Phosphorus and metals contents were determined spectrophotometrically using a Beckman Spectra Span IV Direct Coupled Plasma (DCP) spectrophotometer or an Indirect Coupled Plasma (ICP) spectrophotometer. The detection wavelengths and detection limits were: phos-phorus 213.618 nm, 0.09 mg/l; calcium 315.887 nm, 0.03 mg/l; magnesium 279.553 nm, 0.0002 mg/l; iron 259.940 nm, 0.007 mg/l. Soap concentrations were determined according to A.O.C.S. Recommended Practice Cc 17-79.
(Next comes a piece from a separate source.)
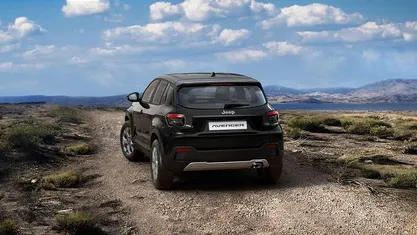 Neu Jeep Avenger Altitude 101 PS (74 kW) 2025 Schwarz SUV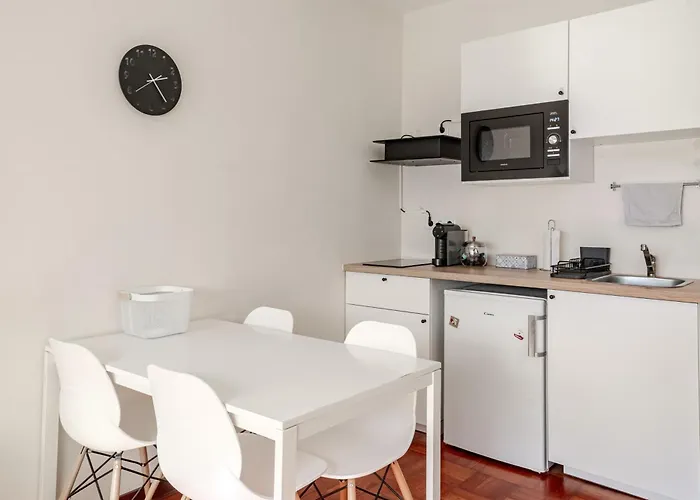 Studio 312 New Kitchen & Free Parking OOporto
Red color bodies were determined with the Beckman Spectrophotometer using the absorbance at 450 nm or by Lovibond Tintometer PFX990 (HF Scientific, Inc.) using A.O.C.S. color scales. Absorption of chlorophyll pigments were determined with a Beckman Spectrophotometer. Oxidative Stability was determined with an Omnion ADM Oxidative Stability Instrument. Peroxide values (PV) were determined by A.O.C.S. Recommended Practice Cd 8b-90. Free fatty acids (FFA) determined by A.O.C.S. Official Method Ca 5a-40.
Pre-treatments
The starting clay material was ground to approximately ⅛ inch in size in a hammer mill and dried to a free moisture level of less than about 5 weight percent, based on the weight of the clay. The clay was allowed to cool and malic acid was mixed and co-ground with the clay in a laboratory Mikro-Pulverizer in amounts up to about 8 weight percent based on the weight of the clay.
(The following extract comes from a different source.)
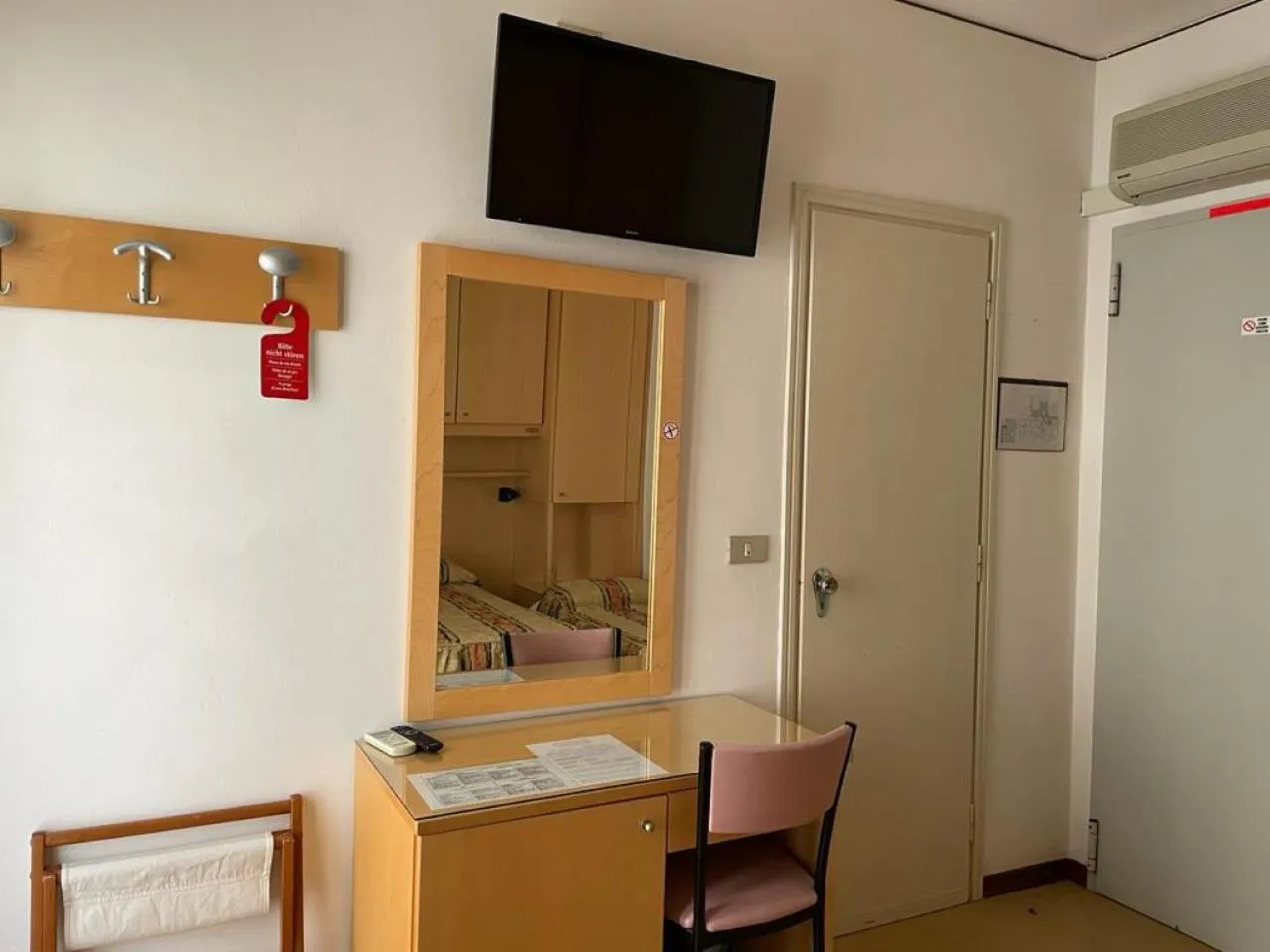 TV and multimedia, Bed in Hotel Stiefel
The size of the clay particles was comparable to the size of the organic acid particles, i.e., about 650 weight percent of the co-ground particles passed through a 325 mesh sieve, U.S. Sieve Series. The preferred size distribution is when the ratio of the mean clay particle size to the mean acid particle size is in the range of about 0.8 to about 1.2.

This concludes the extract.